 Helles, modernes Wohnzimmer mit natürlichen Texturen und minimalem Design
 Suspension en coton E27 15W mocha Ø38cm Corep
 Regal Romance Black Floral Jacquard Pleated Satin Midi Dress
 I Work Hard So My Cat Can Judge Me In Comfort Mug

........

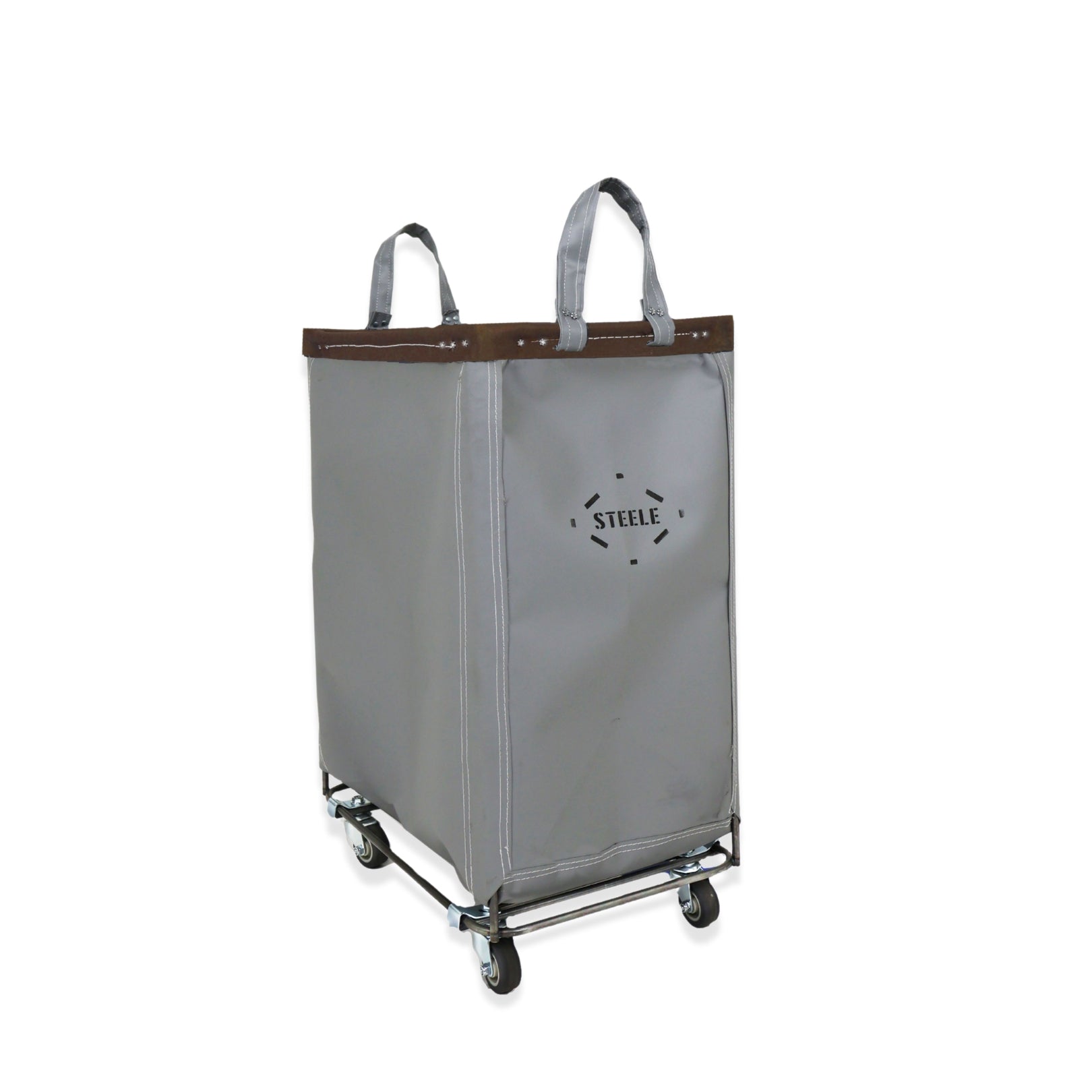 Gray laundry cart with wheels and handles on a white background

........

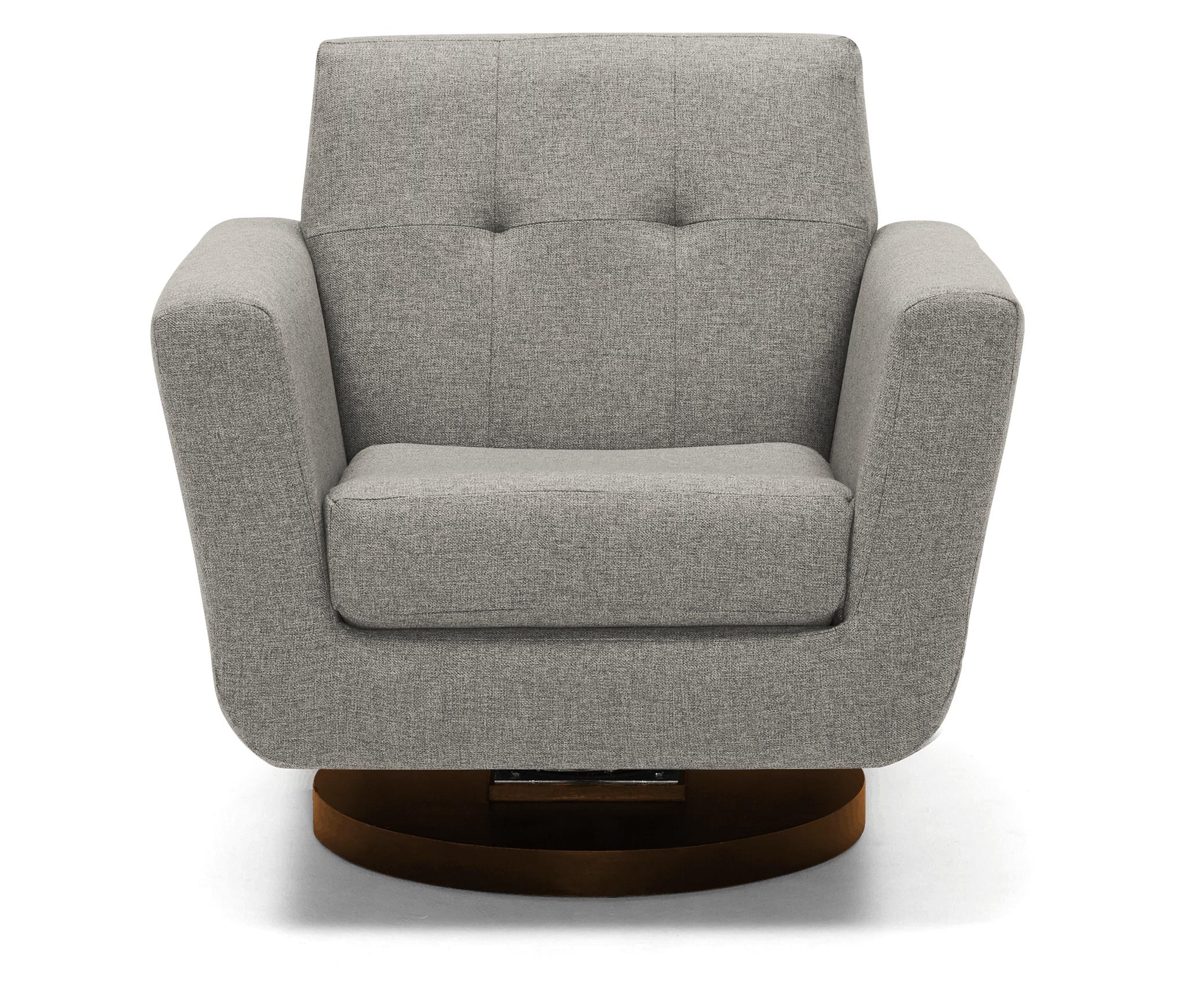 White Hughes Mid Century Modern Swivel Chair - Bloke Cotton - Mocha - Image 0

........

#### Your task:
In the listing above, find the line containing "Regal Romance Black" and the line containing "I Work Hard", then retype both and every line between them exactly, with nothing else.

#### Response area:
 Regal Romance Black Floral Jacquard Pleated Satin Midi Dress
 I Work Hard So My Cat Can Judge Me In Comfort Mug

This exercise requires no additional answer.